Gurkasch macht im Gefängnis zuerst heimlich Yoga
Die Lebensgeschichte nahm dann tatsächlich eine erstaunliche Wendung. Gurkasch lernte – auch durch Gespräche mit seiner Ehefrau – im Gefängnis die indischen Entspannungstechniken kennen. „Das Leben hat mir Yoga vor die Füße geworfen“, sagt Gurkasch. „Lächerliche Mädchen-Gymnastik“ sei das für ihn am Anfang gewesen, sagt er. Er habe die ersten Übungen in aller Heimlichkeit absolviert – damit bloß niemand den harten Hund bei diesen komischen Bewegungen erwischt.
Denn Gurkasch war nach eigenem Bekunden unumstrittener Knastmeister im Böse-Gucken. Aber nach sechs bis sieben Wochen habe ihn ein Knastbruder gefragt, ob er auch von dem Zeug haben könne, das Gurkasch nehme. Denn dieser bekomme ja das Grinsen gar nicht mehr aus dem Gesicht, berichtet der Hamburger Yoga-Lehrer von Kommentaren seiner Mithäftlinge.
Nach zehn Monaten griff er zu Obst und Gemüse, zog am Zellenfenster eigene Sprossen, wurde Vegetarier und begann, seine Zelle zu reinigen. „Plötzlich geht’s dir so gut, wie das vorher noch keine Droge geschafft hat“, erzählt er. Gurkasch lernte alles über Shakra-Energien, Tantra und Kundalini. Und er gründete die erste Yoga-Gruppe in einem deutschen Gefängnis. Später, nach seiner Entlassung, machte er eine richtige Ausbildung zum Yoga-Lehrer, gründete den Verein „Yoga und Meditation im Gefängnis“ und schrieb seine Memoiren. In dem Verein sind übrigens auch mehrere frühere Strafgefangene Mitglied, die wie Gurkasch über Meditation den Weg aus Hass und Aggression gefunden haben.
Yoga-Gruppe auch in JVA Frankenthal: Häftling lädt Gurkasch ein
Ein Frankenthaler Häftling hat Gurkaschs Buch „Leben reloaded“ gelesen und sich gewünscht, dass der Ex-Knacki einmal die JVA besucht. Seit etwas mehr als zwei Monaten gibt es auch im Frankenthaler Gefängnis eine Yoga-Gruppe. Zwischen zehn und 13 Gefangene treffen sich einmal die Woche, um durch Meditation zur inneren Ruhe zu finden. Und das klappt auch wunderbar, wie Kimberly Michel bestätigt. Die Justizbedienstete ist zertifizierte Yoga-Lehrerin und leitet auch im Gefängnis die Übungsstunde. Spätestens zur Abschluss-Entspannung fänden auch die unruhigeren Geister in der Runde Ruhe, bestätigt sie.
Die JVA Frankenthal
- Die Justizvollzugsanstalt (JVA) Frankenthal gibt es seit 50 Jahren.

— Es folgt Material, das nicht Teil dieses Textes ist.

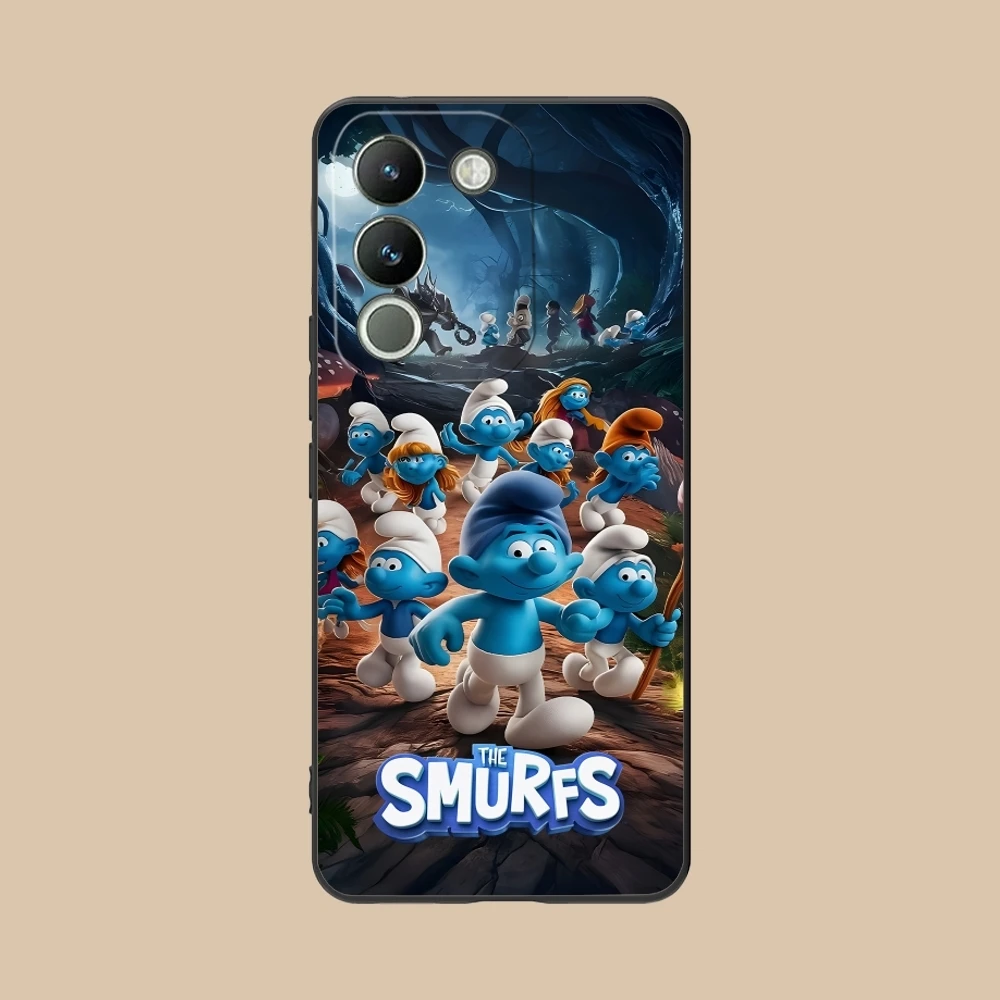 Smurfs Smurfette Smart Mobile Phone Case для VIVO Y95 Y93 Y31 Y20 V19 V17 V15 Pro X60 NEX Черный Мягкий чехол телефона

- Ausgelegt ist das Gefängnis, in dem ausschließlich Männer untergebracht sind, für 420 Gefangene. Aktuell sind laut Anstaltsleitung 436 Inhaftierte untergebracht (Stand: 7. Februar).
- Untergebracht sind in Frankenthal Täter, die eine Freiheitsstrafe von bis zu acht Jahren verbüßen, außerdem Untersuchungshäftlinge.
- Das Gefängnis am nordöstlichen Stadtrand von Frankenthal besteht aus sechs miteinander verbundenen, sogenannten Hafthäusern.
An diesem Mittwoch ist aber auch Michel nur Teilnehmerin der wöchentlichen Yoga-Stunde in der Turnhalle. Denn der prominente Gast leitet die Runde an, unter anderem mit den Fünf Tibetern und anderen Übungen. Zwei bis drei Mal im Jahr besucht der Hamburger Gefängnisse, um den Strafgefangenen seine Geschichte zu erzählen und sie zu Yoga-Übungen einzuladen. Ein halbes Jahr nach seiner Entlassung sei er zu seinem ersten Vortrag schon wieder in einem Knast gewesen. Da habe er zunächst gar nicht realisieren können, dass er nach dem Vortrag das Gefängnis als freier Mann wieder verlassen durfte, grinst er.
Erst die Entspannung eröffne den Blick dafür, neue Wege in seinem Leben gehen zu können, das ist Gurkaschs Mantra: „Wir erwarten nicht, dass ihr Heilige werdet. Wir erwarten aber von euch, dass ihr euch entspannt. Den Rest müsst ihr dann schon selber machen.“
Gurkasch hat übrigens nie den Kontakt zu den Hinterbliebenen der Frau gesucht, die er ermordet hat. „Ich fände es egoistisch, um Vergebung zu betteln.“ Außerdem wolle er nicht alte Wunden aufreißen. Die Hinterbliebenen hätten ihren Umgang mit der Tat gefunden.